DATA section start
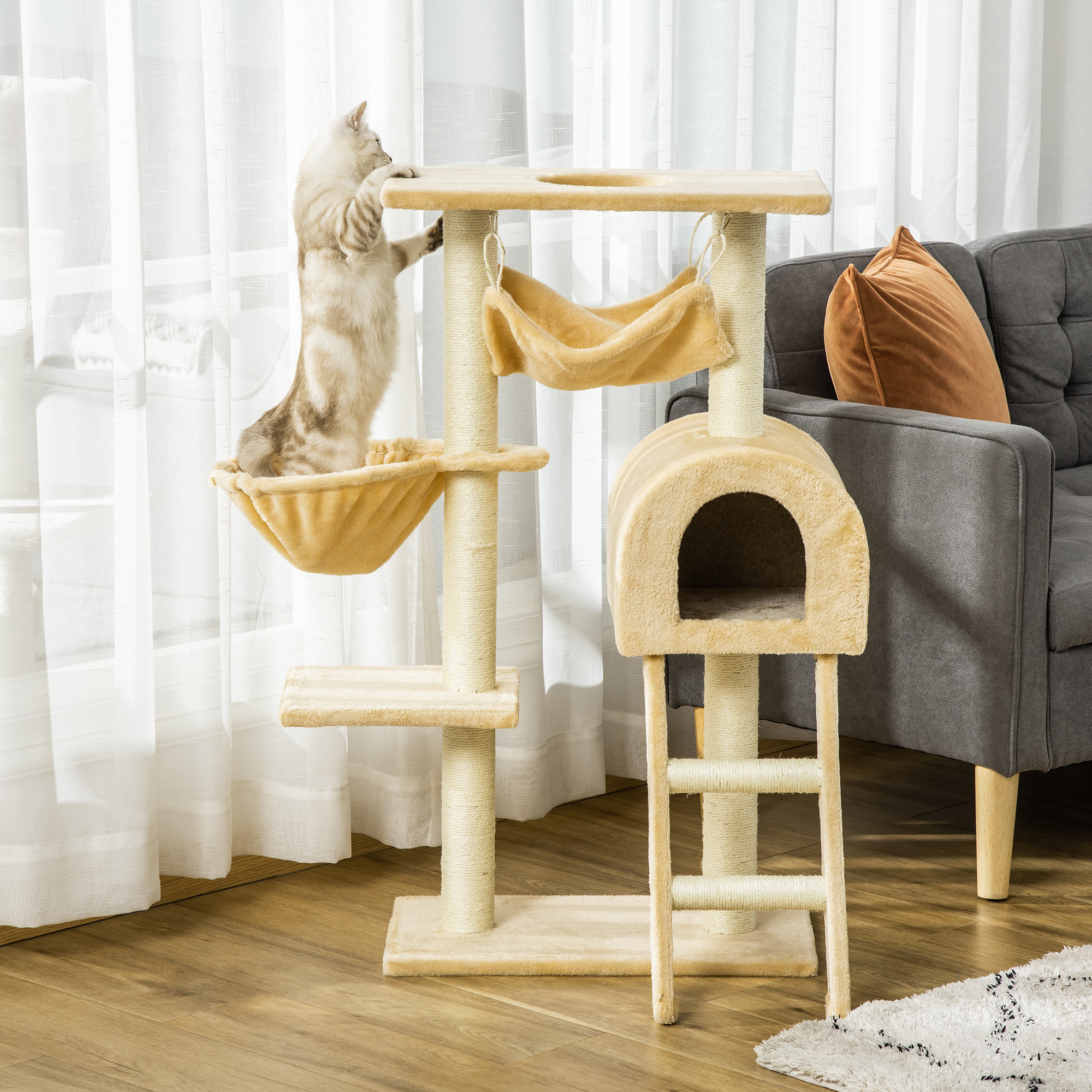 Pawhut Albero Tiragraffi per Gatti Multilivello con Amaca e Casetta, Corde in Sisal Naturale, Beige, Altezza 98cm Aosom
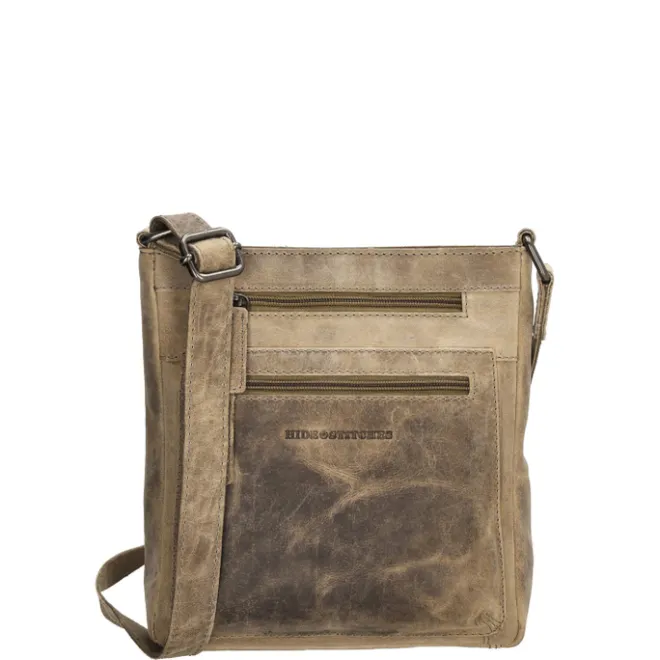 Outlet Hide & Stitches Idaho Dusk Schoudertas donkerzand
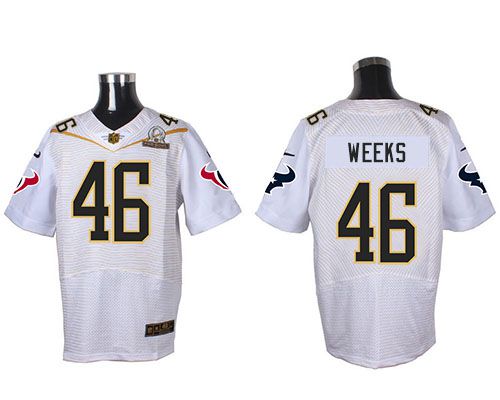 Nike Texans #46 Jon Weeks White 2016 Pro Bowl Men's Stitched NFL Elite Jersey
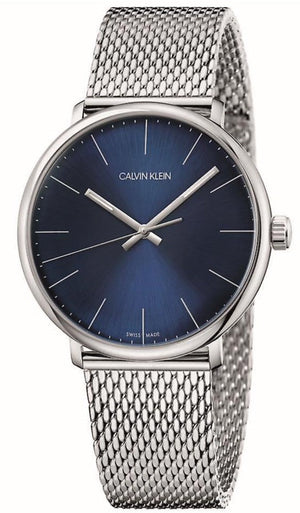 Calvin Klein High Noon Quartz Blue Dial Silver Mesh Bracelet Watch for Men - K8M2112N Authentic Buy Shop Now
DATA section end
AIM OF THE EXERCISE. From the line containing "Outlet Hide &" down to the last line of the data, print every line exactly and nothing else. Pictures stay out of the copy.

EXPECTED OUTPUT.
 Outlet Hide & Stitches Idaho Dusk Schoudertas donkerzand
 Nike Texans #46 Jon Weeks White 2016 Pro Bowl Men's Stitched NFL Elite Jersey
 Calvin Klein High Noon Quartz Blue Dial Silver Mesh Bracelet Watch for Men - K8M2112N Authentic Buy Shop Now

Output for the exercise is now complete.